**Course:** STAT 24300=STAT 30750

**Title:** Numerical Linear Algebra

**Instructor(s):** Alexander Strang

**Teaching Assistant(s):** TBA

**Class Schedule:** Sec 1: MWF 12:40 PM–1:30 PM (Remote)

**Textbook(s):** Strang, *Linear Algebra and Its Applications*, 4th edition.

For those taking course as STAT 30750, in addition to Strang: Watkins, *Fundamentals of Matrix Computation*, 3rd edition.

**Description:** This course is devoted to the basic theory of linear algebra and its significant applications in scientific computing.
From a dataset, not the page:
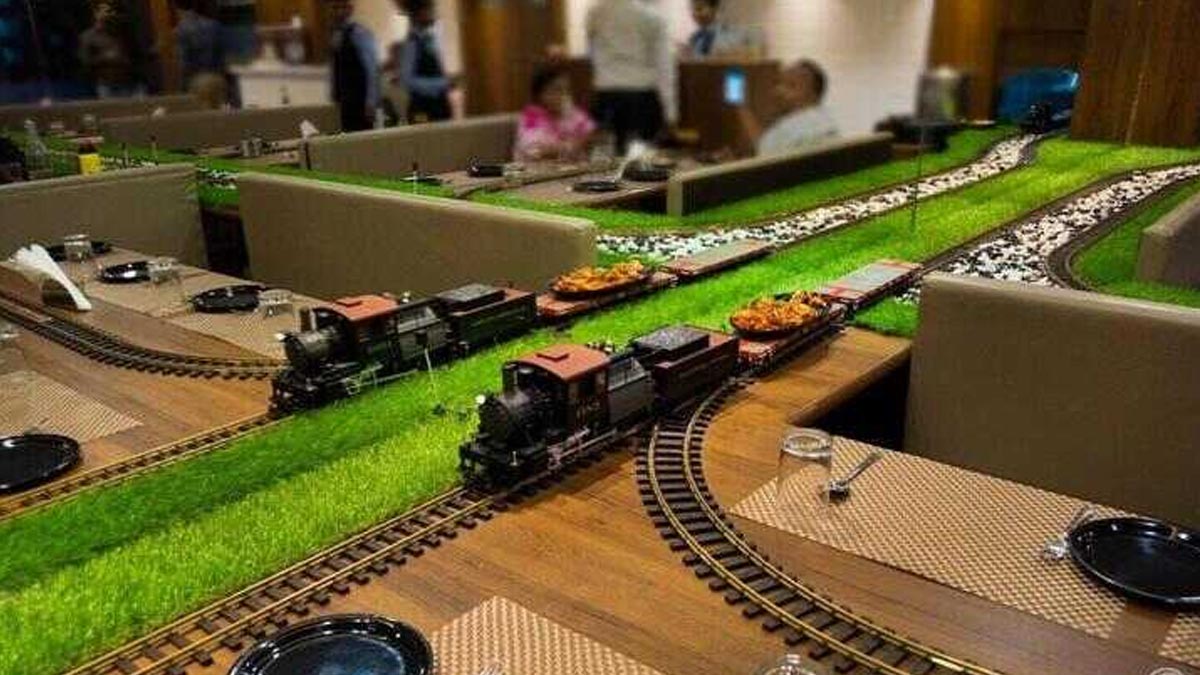 Trainian Restaurant In Suratकिस रेस्टोरेंट में टॉय ट्रेन में खाना देते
The objective is to provide a working knowledge and hands-on experience of the subject suitable for graduate level work in statistics, econometrics, quantum mechanics, and numerical methods in scientific computing. Topics include Gaussian elimination, vector spaces, linear transformations and associated fundamental subspaces, orthogonality and projections, eigenvectors and eigenvalues, diagonalization of real symmetric and complex Hermitian matrices, the spectral theorem, and matrix decompositions (QR, Cholesky and Singular Value Decompositions). Systematic methods applicable in high dimensions and techniques commonly used in scientific computing are emphasized. Students enrolled in the graduate level STAT 30750 will have additional work in assignments, exams, and projects including applications of matrix algebra in statistics and numerical computations implemented in Matlab or R. Some programming exercises will appear as optional work for students enrolled in the undergraduate level STAT 24300.

**Prerequisite(s):** Multivariate calculus (MATH 15910 or MATH 16300 or MATH 16310 or MATH 19520 or MATH 20000 or MATH 20500 or MATH 20510 or MATH 20900 or PHYS 22100 or equivalent). Previous exposure to linear algebra is helpful.